- Assigned task
All lines from the one holding "1-For-1Card Pte Ltd" to the end of the listing are to be output exactly, both ends included, with any pictures left out.

══ Supplied records

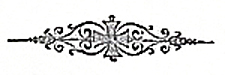 image004
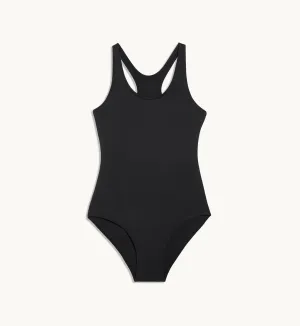 Period Swim Sport One-Piece (Kit Item)
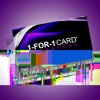 1-For-1Card Pte Ltd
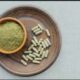 Why The Green Malay Kratom Powder Is A Good Choice For Beginners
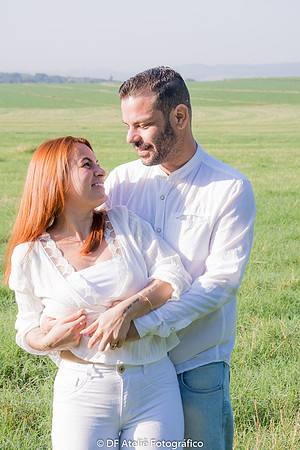 0023 - Bruna e Douglas - PréWedding - DF2_9548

════

- Output for this exercise
 1-For-1Card Pte Ltd
 Why The Green Malay Kratom Powder Is A Good Choice For Beginners
 0023 - Bruna e Douglas - PréWedding - DF2_9548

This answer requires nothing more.